Work instruction ▸ Leaving out all pictures, transcribe the lines below exactly, from the first through the line containing "GUATEMALA CITY, Guatemala - The".

Supplied records ▸
▼
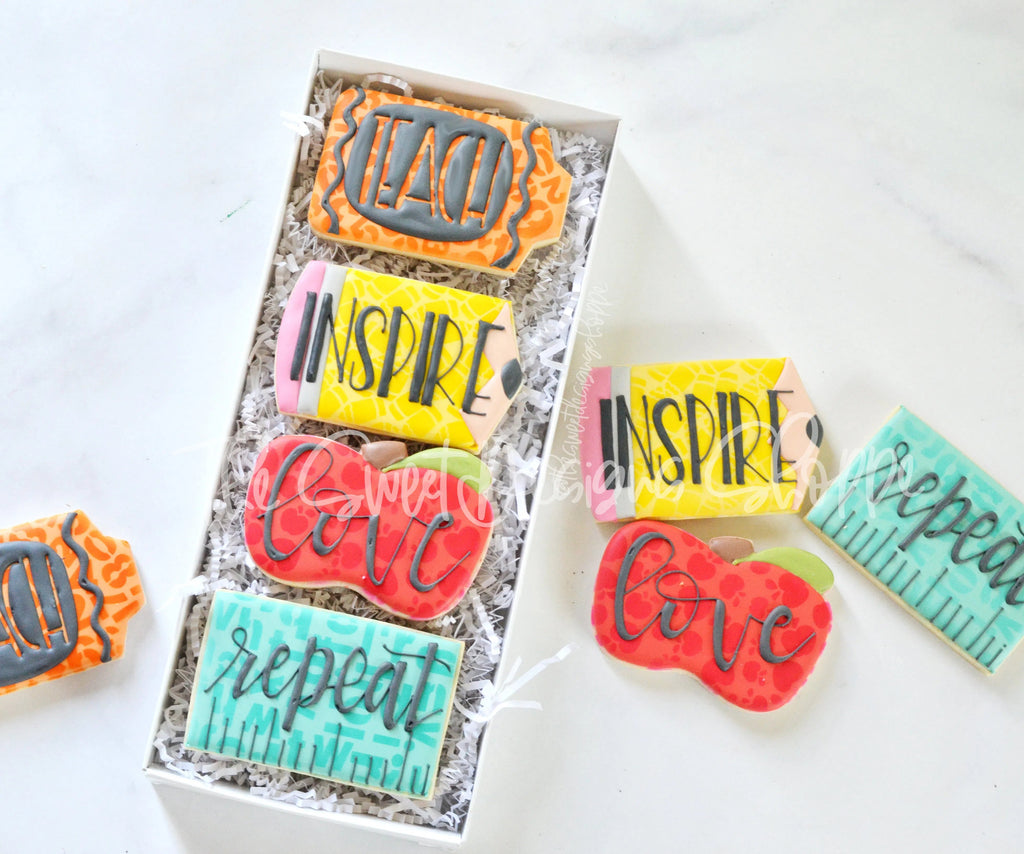 Cookie Cutters - Teach Love Inspire Repeat - School Set - Cookie Cutters - Sweet Designs Shoppe - - 2020, ALL, Cookie Cutter, Grad, Graduation, graduations, handlettering, letter, Lettering, Letters, letters and numbers, Mini Sets, number, numbers, Promocode, regular sets, School / Graduation, set, Teacher, Teacher Appreciation
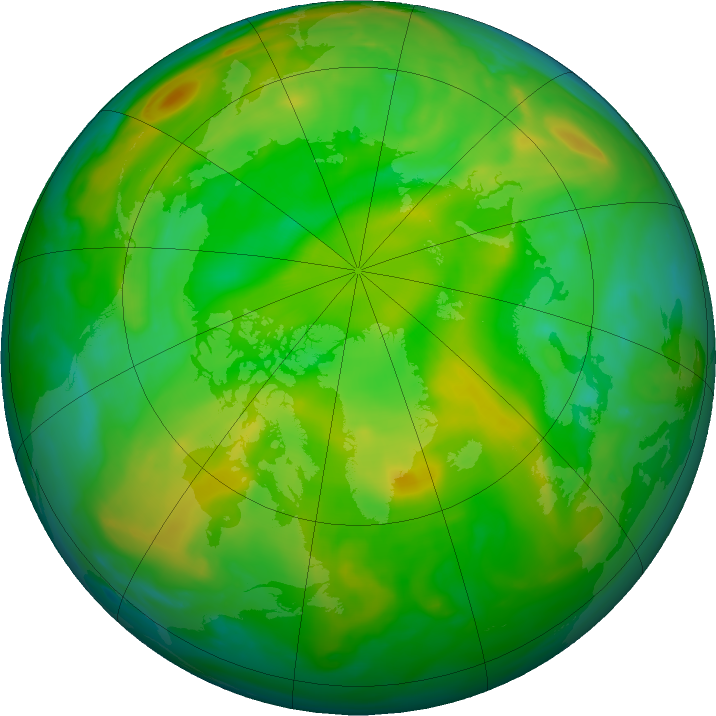 Arctic ozone map for 21 June 2021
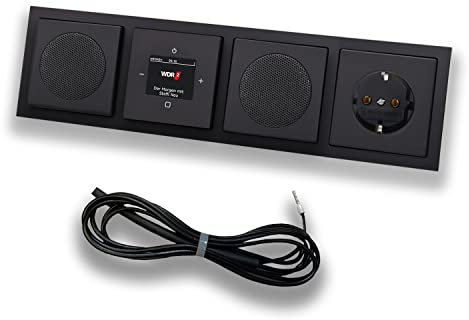 Busch Jäger DAB+ Unterputz Radio 8215U-101 SCHWARZ MATT Komplett-Set + 2x Lautsprecher + SCHUKO Steckdose 20EUC-885 0,9 m EBROM Wurfantenne zur Empfangsoptimierung - 8215 U -101 DAB Plus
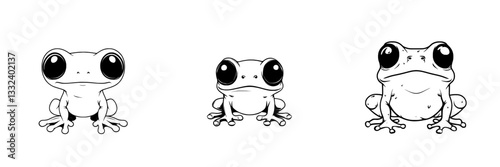 Black and white, modernly styled frog silhouette depicted on a white background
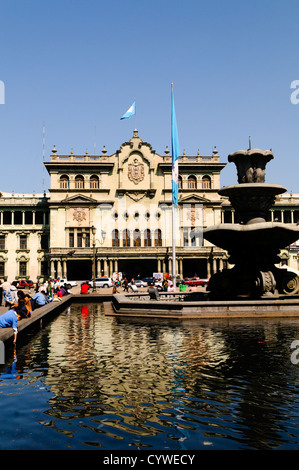 GUATEMALA CITY, Guatemala - The fountain in front of the National Palace of Culture on the northern end of Parque Central (officially the Plaza de la Constitucion) in the center of Guatemala City, Guatemala. Stock Photo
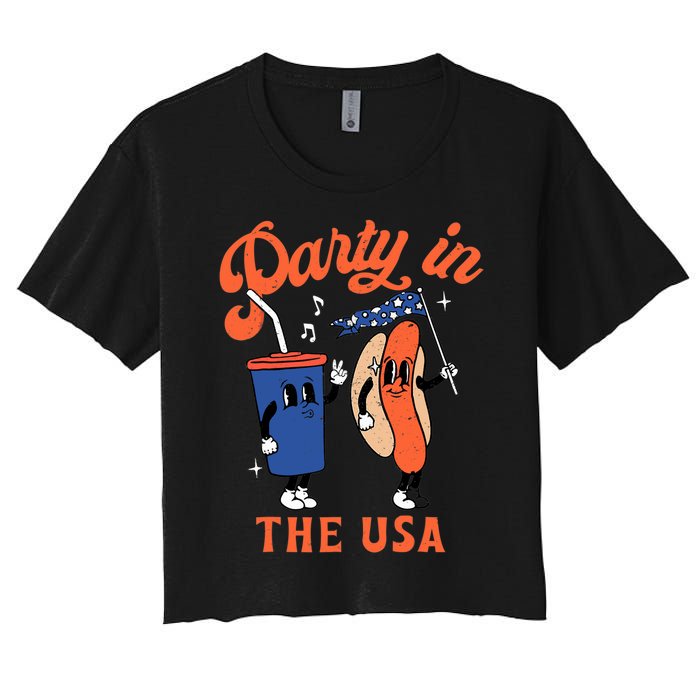 Party In The USA Shirt Hot Dog Lover Usa Funny 4th Of July Women's Crop Top Tee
▲
Solution for this task ▸
 Cookie Cutters - Teach Love Inspire Repeat - School Set - Cookie Cutters - Sweet Designs Shoppe - - 2020, ALL, Cookie Cutter, Grad, Graduation, graduations, handlettering, letter, Lettering, Letters, letters and numbers, Mini Sets, number, numbers, Promocode, regular sets, School / Graduation, set, Teacher, Teacher Appreciation
 Arctic ozone map for 21 June 2021
 Busch Jäger DAB+ Unterputz Radio 8215U-101 SCHWARZ MATT Komplett-Set + 2x Lautsprecher + SCHUKO Steckdose 20EUC-885 0,9 m EBROM Wurfantenne zur Empfangsoptimierung - 8215 U -101 DAB Plus
 Black and white, modernly styled frog silhouette depicted on a white background
 GUATEMALA CITY, Guatemala - The fountain in front of the National Palace of Culture on the northern end of Parque Central (officially the Plaza de la Constitucion) in the center of Guatemala City, Guatemala. Stock Photo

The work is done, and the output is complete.